Items from a data source
------------------------

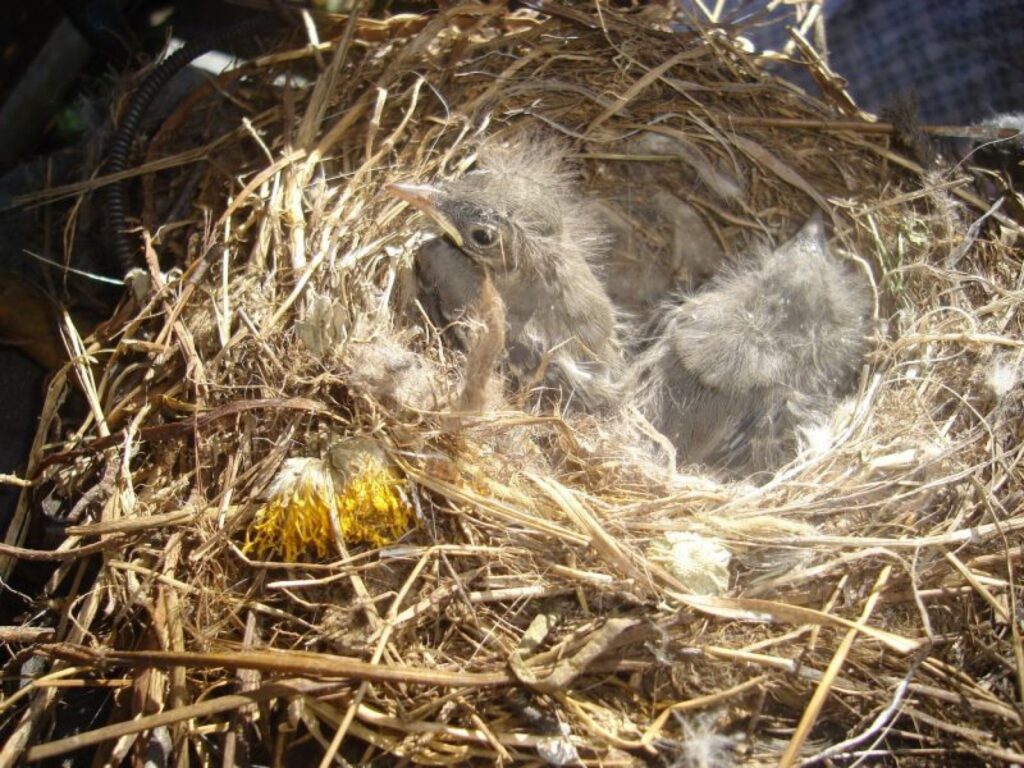 Autors: Sarmīte Ozola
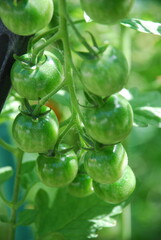 Small tomatoes grow on a branch. Still green cherry tomatoes hanging on a branch on a tomato bush among green leaves and stems. There are small villi on branches and vegetables.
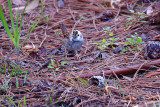 Sparrow_White-throated HS3_3879.jpg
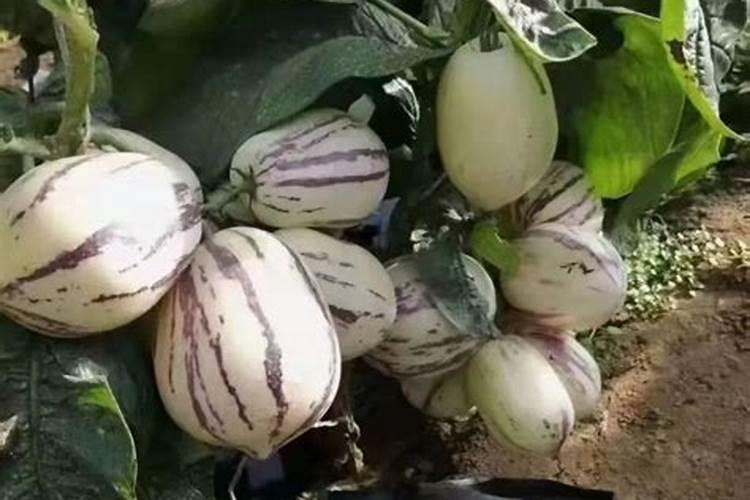 种菜用尿素还是复合肥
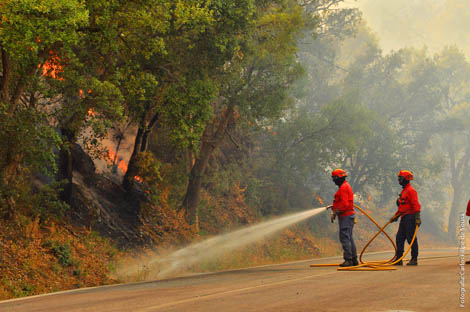 Sul Informação - Incêndio de São Brás de Alportel reduzido às frentes de Javali/Cova da Muda e Malhada do Judeu (atualizado)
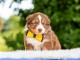 Chien berger australien lof mâle 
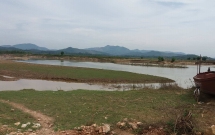 boi qua song sang bai tha trau 2 anh em ho duoi nuoc thuong tam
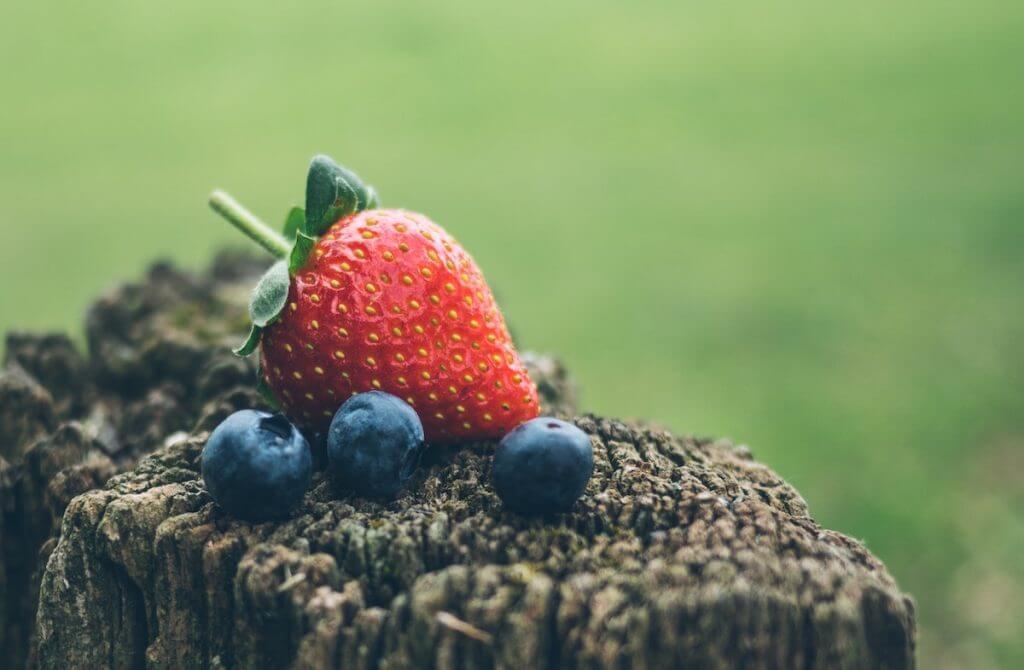 Can Dogs Have Blueberries and Strawberries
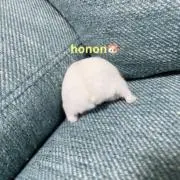 hononの画像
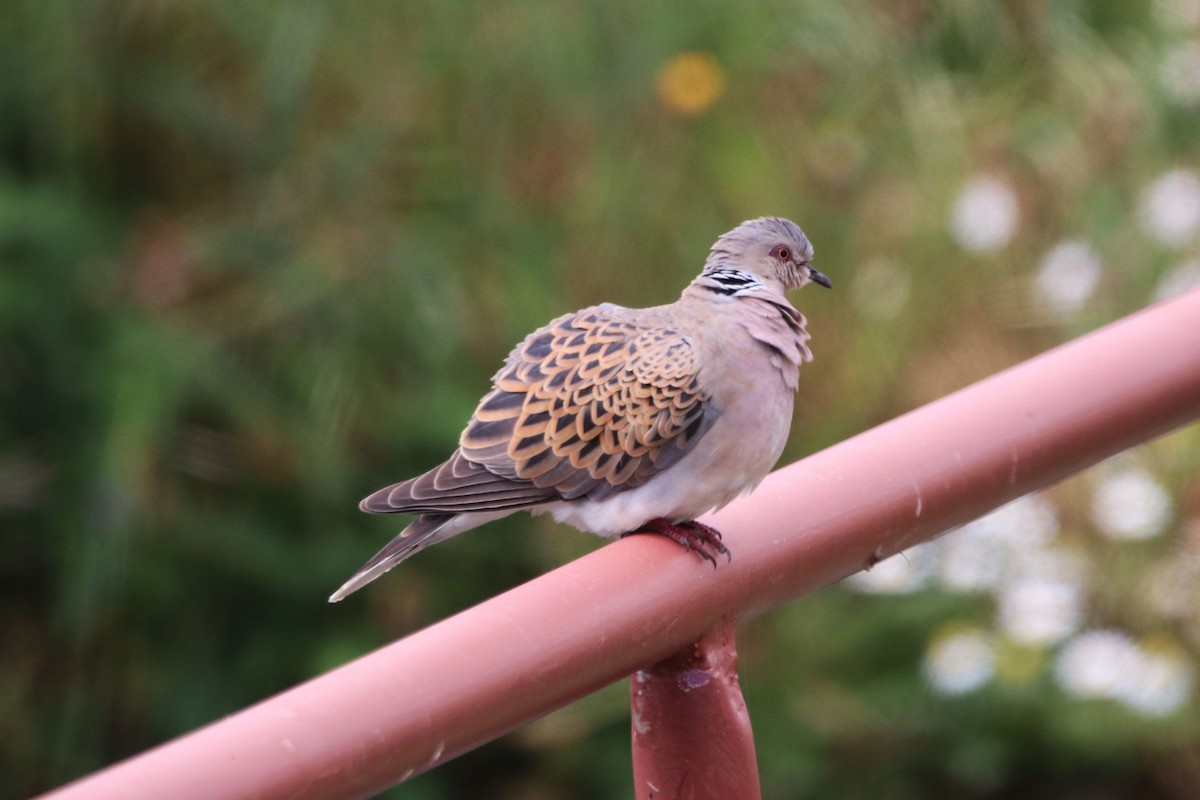 European Turtle-Dove - ML620459187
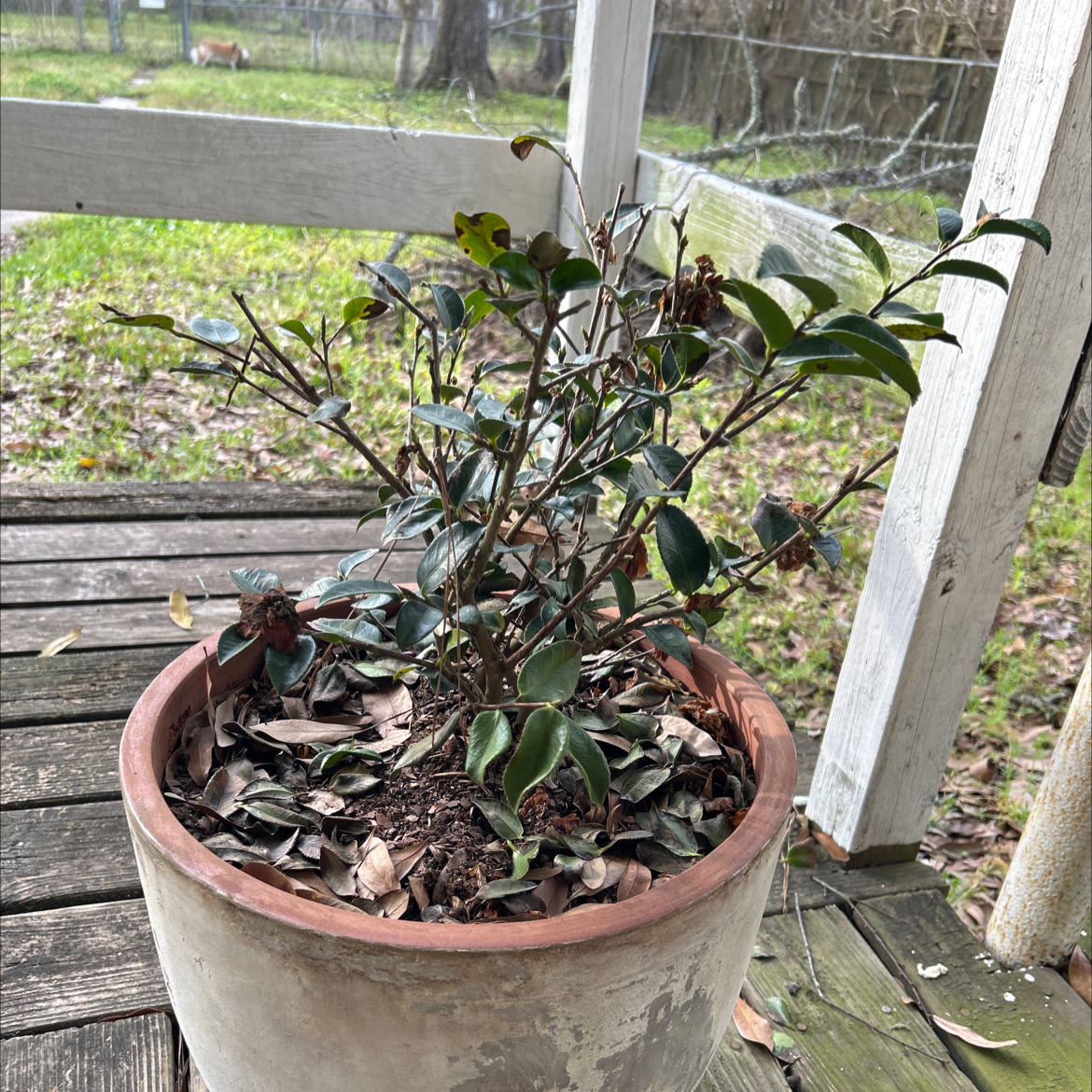 Photo of the plant species Shishi Gashira Camellia by @BossIrishmoss named Mando on Greg, the plant care app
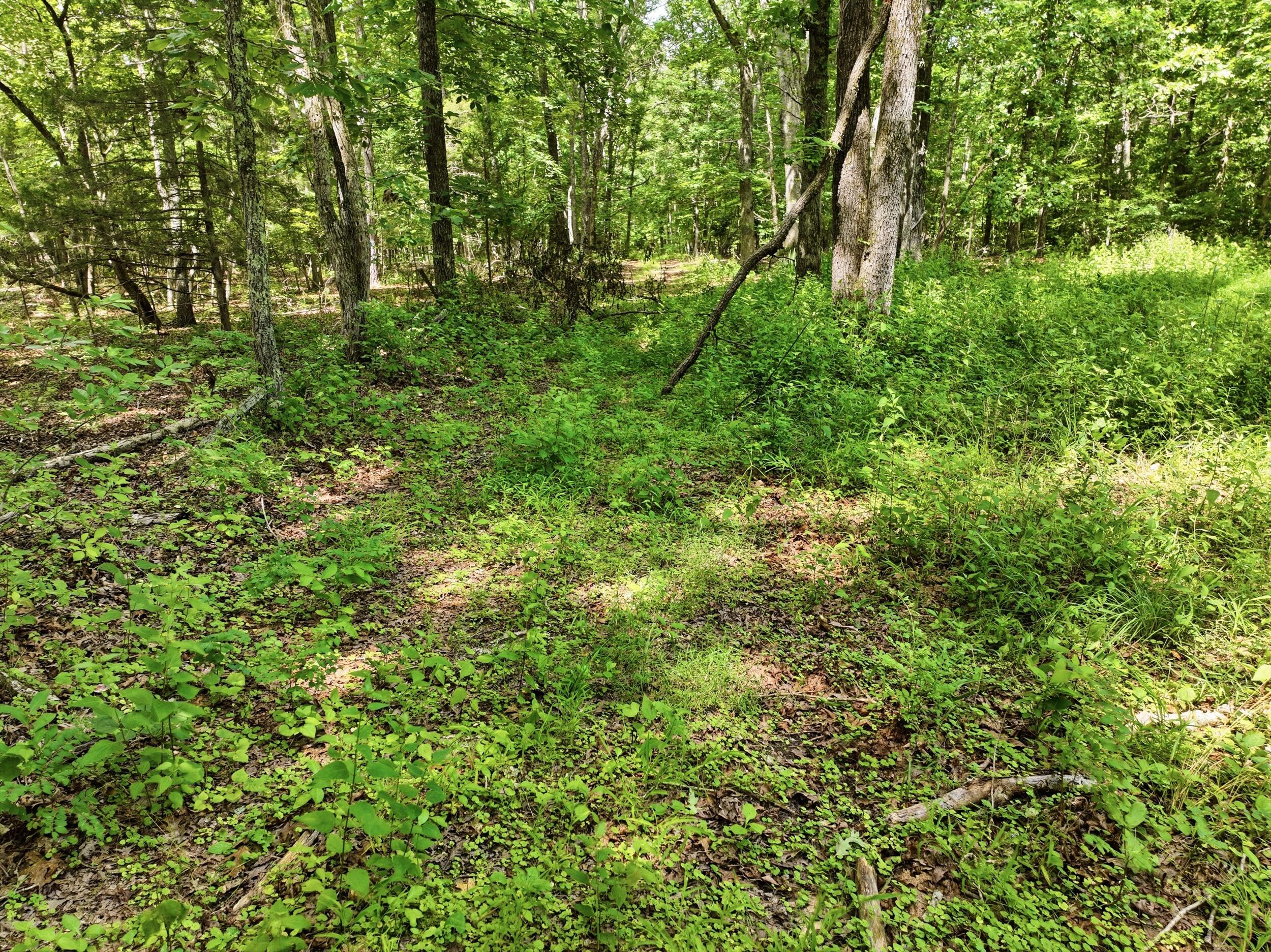 000 Barn Hollow Drive Property Photo 15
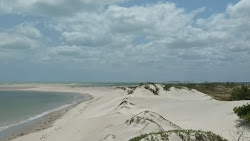 Praia Novo Plajı'in fotoğrafı vahşi alan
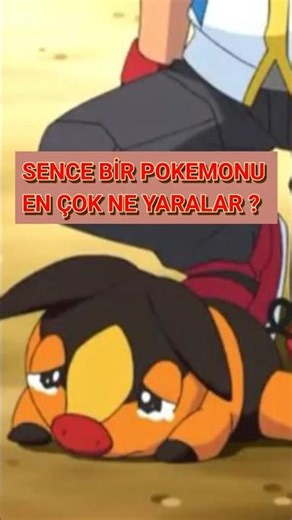 TEPİG : NEDEN TERKEDİLDİ?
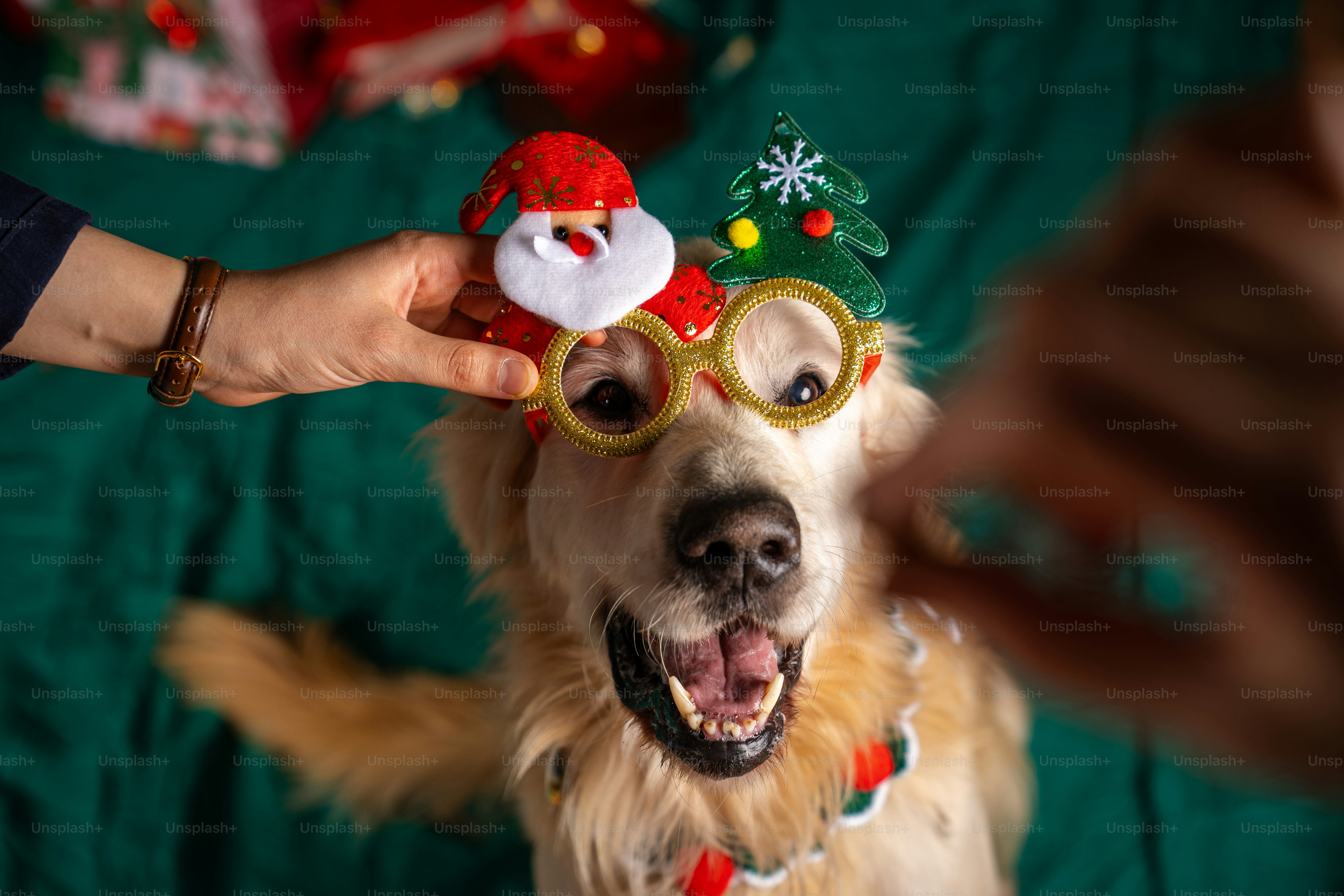 A dog wearing a christmas hat and goggles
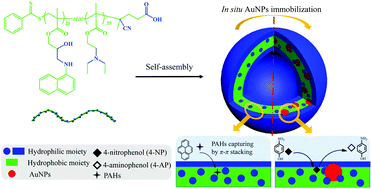 Graphical abstract: A multifunctional statistical copolymer vesicle for water remediation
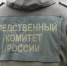 Бастрыкину доложат о расследовании дела о травмировании рязанки льдом с крыши - ИА МедиаРязань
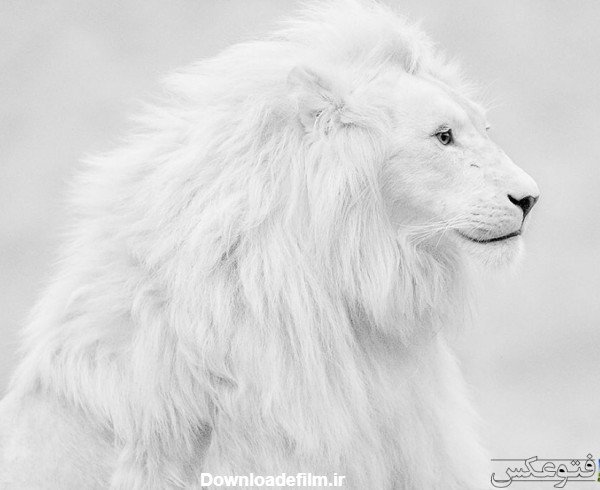  عکس شیر ماده سفید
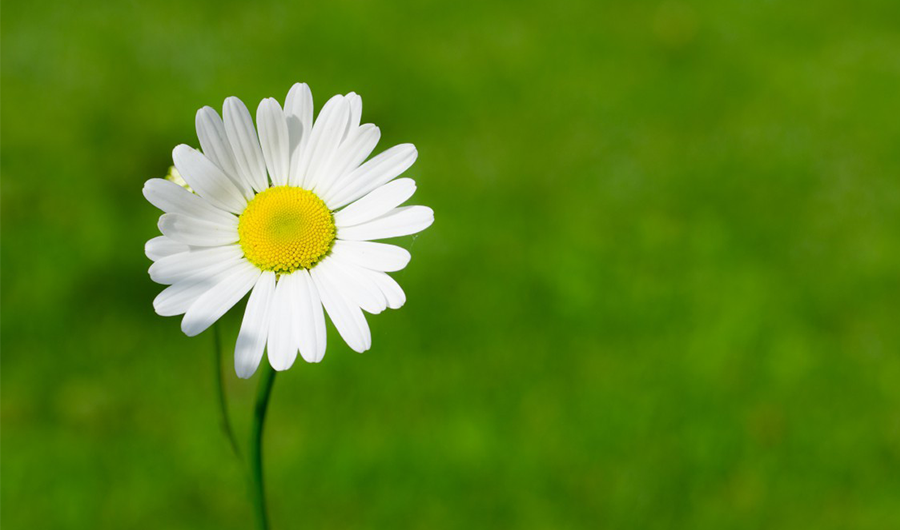 夏天運(yùn)輸確保低溫產(chǎn)品的穩(wěn)定性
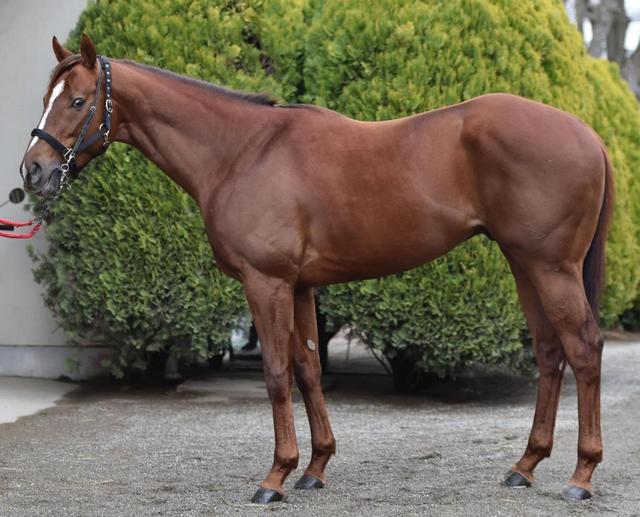 高松宮記念馬体診断 セイウンコウセイ 馬体診断 競馬 レース デイリースポーツ Online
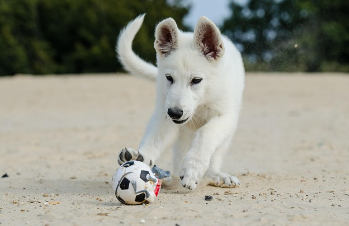 강아지 나이 계산법 완벽 정리 18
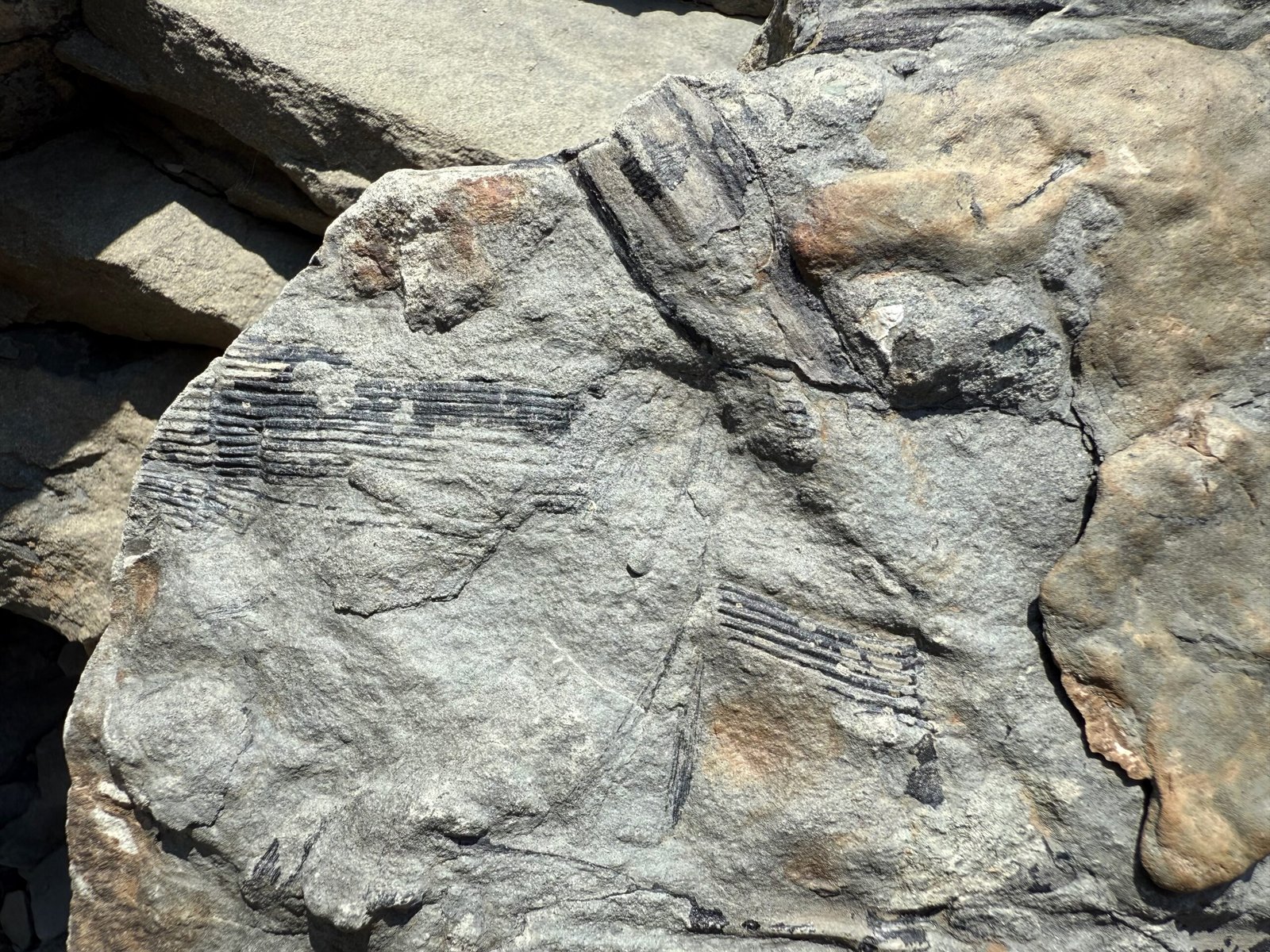 Close-up of a Calamites fossil with ribbed, segmented impressions of its hollow stem running horizontally and diagonally across the rock surface.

------------------------

== What to do ==
Output, exactly and without pictures, the lines above that run from the one containing "夏天運(yùn)輸確保低溫產(chǎn)品的穩(wěn)定性" through the last line of the entries, inclusive.

== Completed task ==
 夏天運(yùn)輸確保低溫產(chǎn)品的穩(wěn)定性
 高松宮記念馬体診断 セイウンコウセイ 馬体診断 競馬 レース デイリースポーツ Online
 강아지 나이 계산법 완벽 정리 18
 Close-up of a Calamites fossil with ribbed, segmented impressions of its hollow stem running horizontally and diagonally across the rock surface.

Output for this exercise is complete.